Quante volte ci soffermiamo a pensare al criterio di giudizio della nostra vita e di quella dei nostri fratelli. Quante volte saremmo tentati di dirazzare dai ‘vantaggi’ che ci vengono proposti per seguirne e perseguirne altri, anche se agli occhi del mondo risultano degli ‘svantaggi’. Qui il pensiero corre alla testimonianza di fede di Francesco e Chiara che scelsero come unico vantaggio il privilegio della povertà scandalizzando con le loro scelte di vita concrete la società in cui vivevano. È possibile allora, seguire altri ‘vantaggi’ e non farsi trascinare. È possibile seguire la propria volontà, quindi, in altre parole, essere liberi di scegliere e di vivere. Anche se “la scienza stessa insegnerà all’uomo che in realtà egli non ha né ha mai avuto né volontà né capriccio, e che anche lui non è nulla più che una specie di tasto di pianoforte o di una puntina d’organetto”, l’importante è “che l’uomo dimostri a se stesso ogni momento che è un uomo, e non una puntina!”.

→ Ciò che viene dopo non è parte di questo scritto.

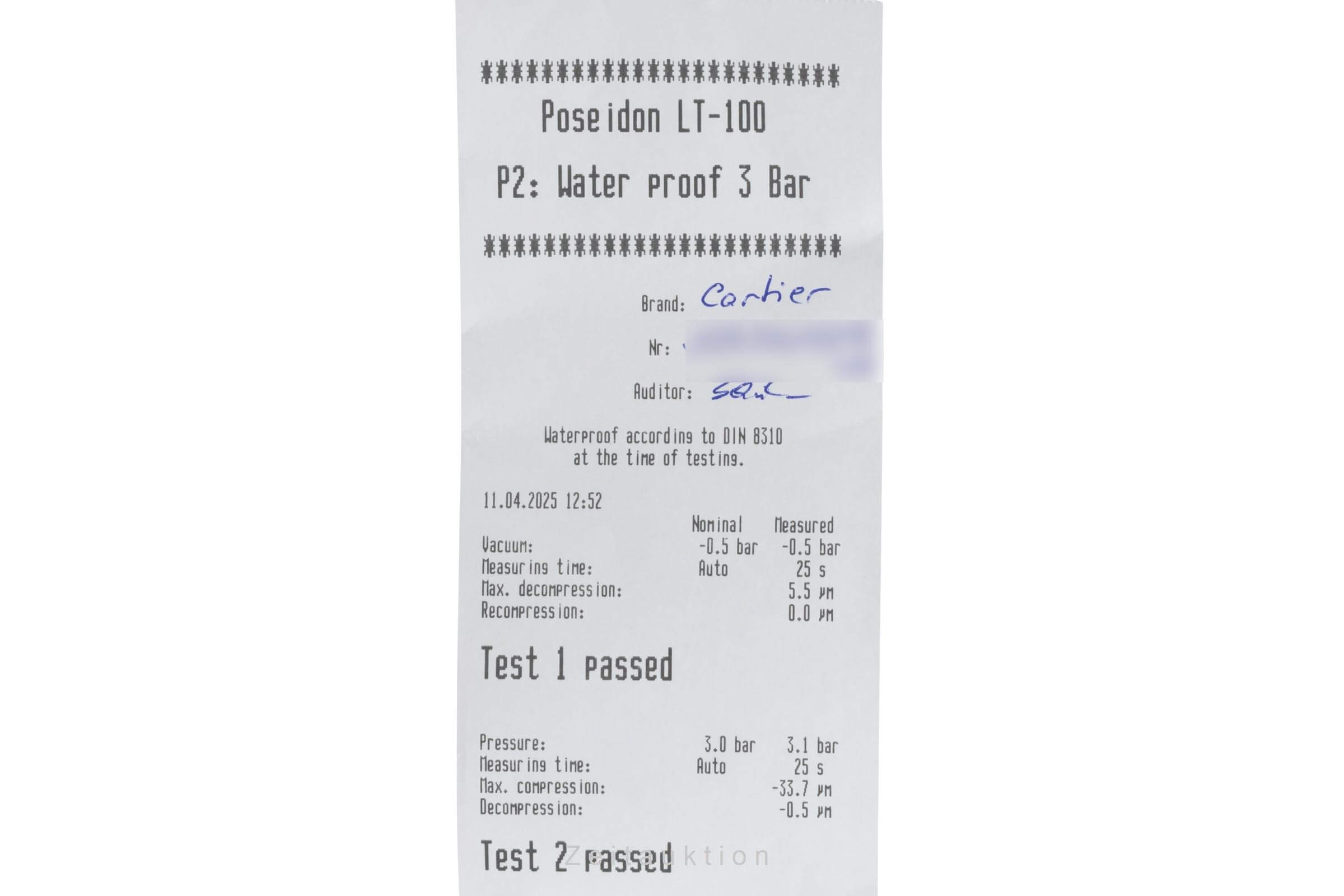 Cartier Rotonde de Cartier acciaio automatismo orologio da uomo W1556368 LP: 11400EUR  [2501836]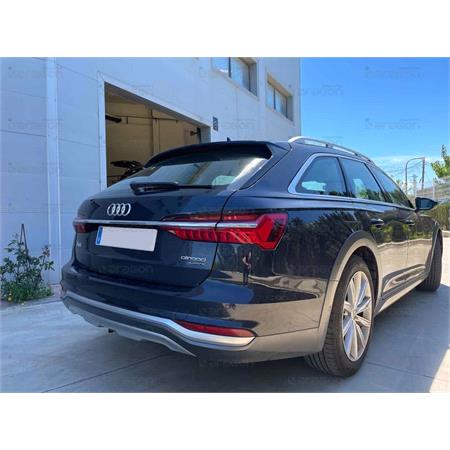 Aragon Vertically Detachable Towbar for Audi A6 Avant 2018 to 2025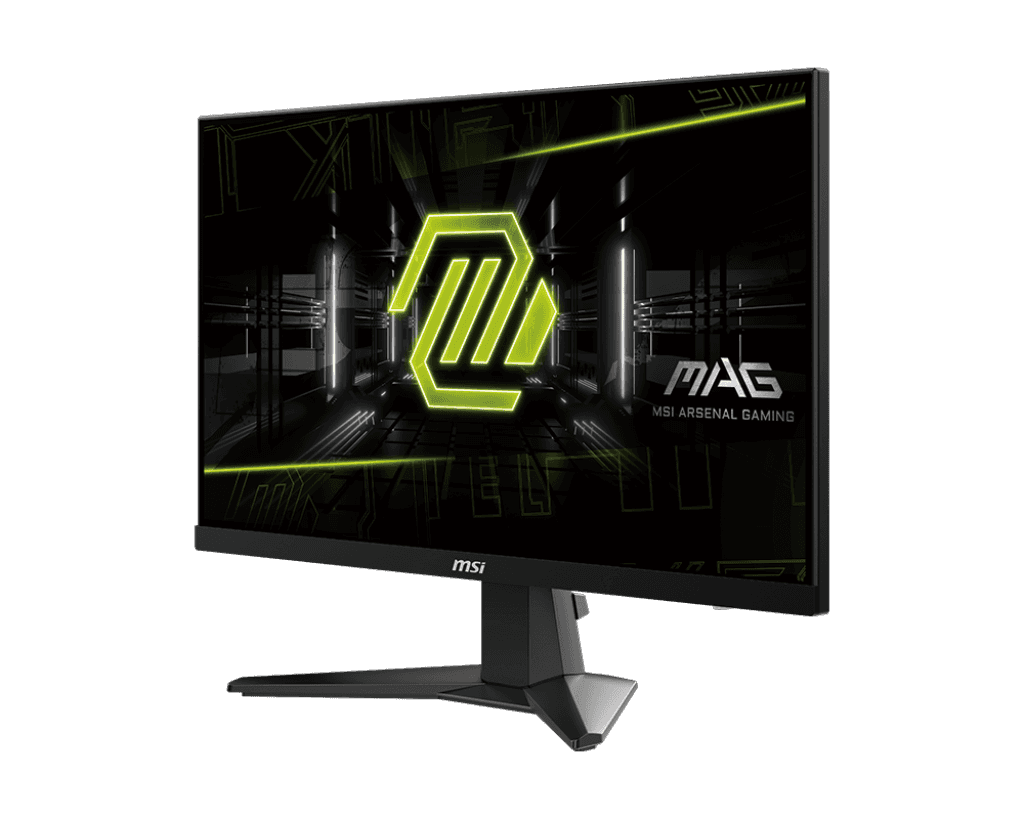 MSI MSI MAG 256F 24.5" Gaming Monitor, 1920 x 1080 (FHD), Rapid IPS, 1ms (GtG), 180Hz, Adaptive-Sync, 1 x DisplayPort (1.2a) 2 x HDMI??? (2.0), Black | 9S6-3BC11H-006 - thumbnail 4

La coscienza di se stessi, di ciò che si è resta il punto di partenza di un percorso che deve e p uò condurci avanti e non indietreggiare o cadere nell’abisso del sottosuolo “perché in ogni caso ci conserva la cosa più importante e più cara, cioè la nostra personalità e la nostra individualità.” Sopra ogni cosa, non dobbiamo mai rischiare di affermare, come il personaggio descritto da Dostoevskij, “ho avuto tutta la vita uno sguardo obliquo e non ho mai potuto guardare gli uomini dritto negli occhi” quanto piuttosto fissare sempre lo sguardo negli occhi di Dio e dei fratelli.